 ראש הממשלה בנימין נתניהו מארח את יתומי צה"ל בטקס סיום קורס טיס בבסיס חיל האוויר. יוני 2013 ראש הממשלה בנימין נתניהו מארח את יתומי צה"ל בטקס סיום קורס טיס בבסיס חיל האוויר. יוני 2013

* * *

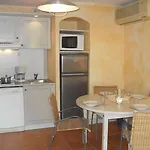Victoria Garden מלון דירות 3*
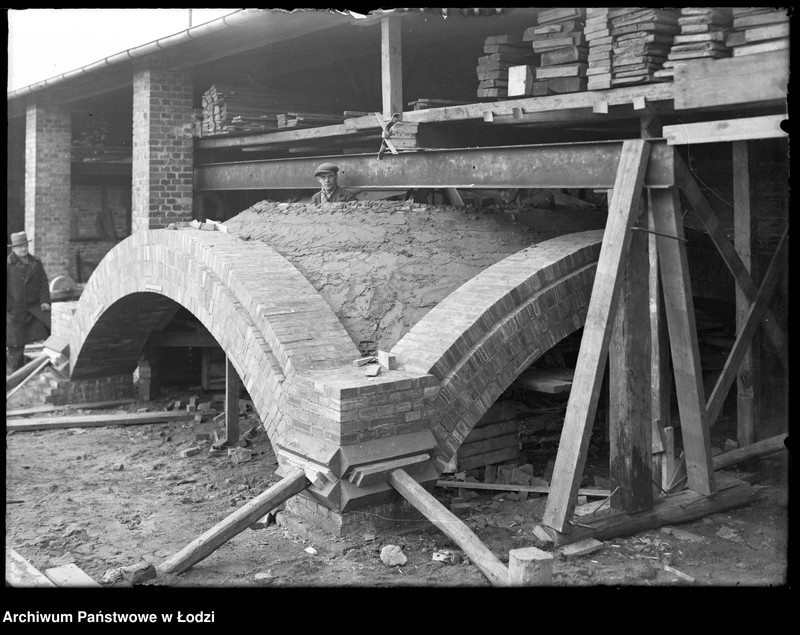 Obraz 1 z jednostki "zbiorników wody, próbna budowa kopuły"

---

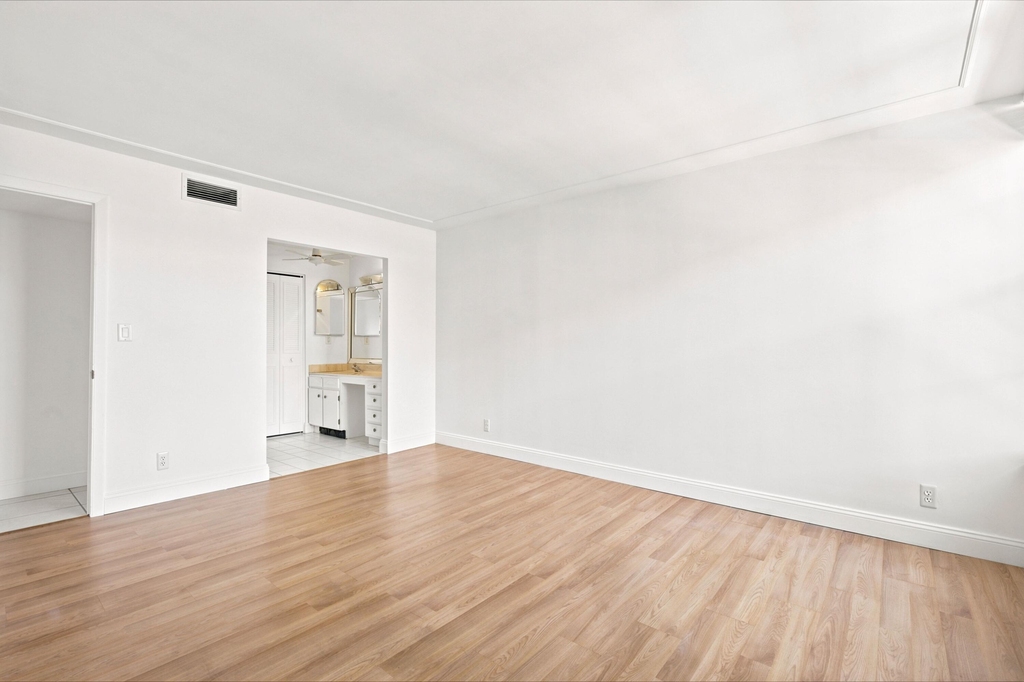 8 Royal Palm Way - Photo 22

ACTIVITY: Exactly reproduce the lines above, starting at the one that contains "Victoria Garden מלון דירות 3*" and ending at the one that contains "Obraz 1 z jednostki", both inclusive; leave the pictures out and add no other lines.

RESULT:
Victoria Garden מלון דירות 3*
 Obraz 1 z jednostki "zbiorników wody, próbna budowa kopuły"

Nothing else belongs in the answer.